Benedicto XVI se ha sumado a esta rica tradición que viene de los apóstoles y ha actualizado la llamada de Pablo VI en la Populorum progressio para la persona sea centro y protagonista del desarrollo económico frente al materialismo de la ideología tecnocrática que la aplasta y niega su dignidad.

Para evitar que le ciegue cualquier ideología el papa toma la vida de los pobres como su principal punto de referencia. Por ello, mira al mundo contemporáneo sin dejarse impresionar por los titulares que no ven más que la crisis de los últimos meses, y habla de ella como un fenómeno que ha puesto todavía más de manifiesto un proceso inherente al sistema cultural y económico vigente tras la caída de los bloques enfrentados en la guerra fría.

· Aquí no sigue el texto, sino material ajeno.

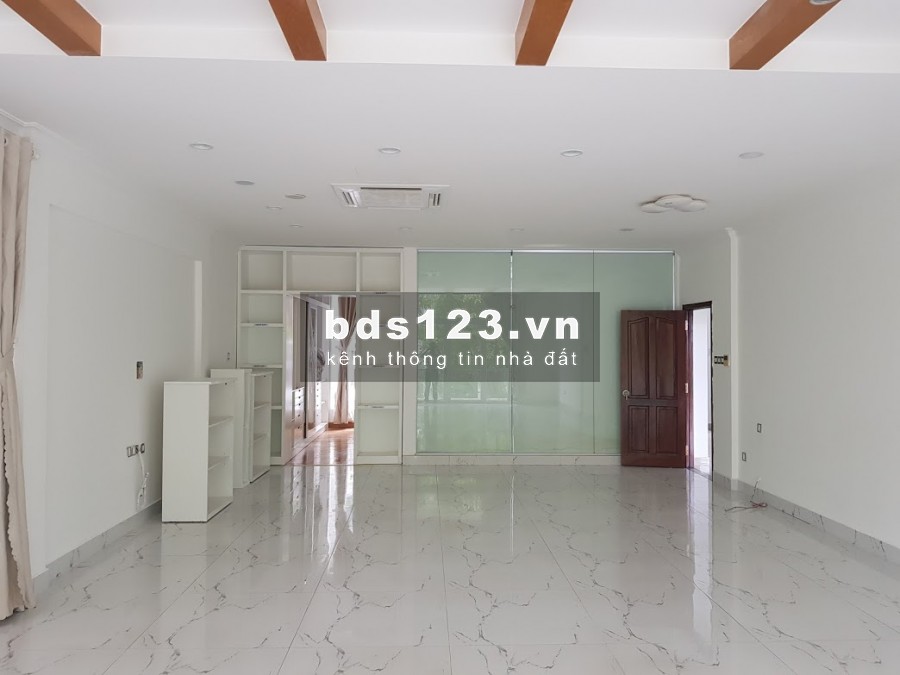 Cho Thuê Biệt thự hầm 3 lầu 12x20m Cao Đức Lân An Phú Quận 2 MS:530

Los actores de este sistema opresor son conocidos y el papa los señala con claridad. Los organismos financieros, centrados en el beneficio a corto plazo que han hundido la economía mundial, tras expoliar con la usura a las familias y a los países endeudados; las multinacionales y el comercio que explotan a los trabajadores en los países empobrecidos y van eliminado los derechos que alcanzaron en los enriquecidos, excluyendo a la mayoría de los beneficios del progreso y convirtiendo el paro en exclusión; los organismos internacionales, con sus tremendas burocracias, que precisan una profunda reforma hasta alcanzarse una autoridad mundial, que organice la familia humana en unas relaciones de justicia y fraternidad universales; y especialmente el creciente dominio de las nuevas tecnologías, dominadas por pocas manos, que han traído la globalización y han llegado a imponerse como un ideología que aplasta al hombre como ya hacían los materialismos de siglos pasados. Como se ve, ha aumentado el poder de los mecanismos perversos de agresión al hombre y a la solidaridad entre los pueblos que en Sollicitudo rei socialis Juan Pablo II denunciaba como Imperialismo y estructuras de pecado.

Tras estas realidades está la responsabilidad de personas e instituciones concretas. Las situaciones de subdesarrollo no son fruto de la casualidad o de una necesidad histórica, sino que dependen de la responsabilidad humana. Reconocer esta responsabilidad humana fundamenta la denuncia de la insolidaridad de quienes las causan, y al tiempo fundamenta una esperanza muy necesaria en la generación presente: lo que ha construido la mano del hombre puede igualmente cambiarse mediante una revolución que ponga en el centro la solidaridad, la gratuidad y el protagonismo de los pueblos que se empeñen en trabajar por el bien común y la justicia.

La propuesta del Papa es que la caridad y la verdad, la solidaridad que se empeña por el bien común y el protagonismo real de las personas que son la mejor expresión de la verdad sobre su dignidad, pasen al centro de la vida económica y social. Denuncia que muchas iniciativas presentadas como “éticas” no siguen este camino y dejan la solidaridad como un añadido que trata de repartir beneficios que se han logrado mediante la injusticia. Por eso pide que la gratuidad entre en el centro de la vida económica, y que las empresas la tengan como un elemento principal de su funcionamiento. Promueve, además, una nueva cultura en la que se vaya más allá de la lógica del Mercado y el Estado, y sea la sociedad la que con su protagonismo verdaderamente democrático protagonice la búsqueda de la justicia que reclama la mayor parte de la humanidad.

Todo ello reclama una nueva cultura en la que se acoja al hombre como un bien, como la principal riqueza que debe ser acogida desde su concepción; y se ponga la solidaridad con todos y con las futuras generaciones como garantía del respeto al pobre y a la naturaleza.

No hay lugar al pesimismo y determinismo de quienes solo confían en soluciones técnicas que justifican el egoísmo de quienes se benefician de una situación de opresión; sino que es tiempo de esperanza para la solidaridad y la dignidad de la persona pase a ser el centro de las decisiones personales y de la vida institucional, política y económica.

Sin Dios el hombre no sabe a donde ir, ni tampoco logra entender quién es. Ante los grandes problemas del desarrollo de los pueblos que nos impulsan casi al desasosiego y al abatimiento viene en nuestro auxilio la palabra de Jesucristo: Sin mí, no podéis hacer nada.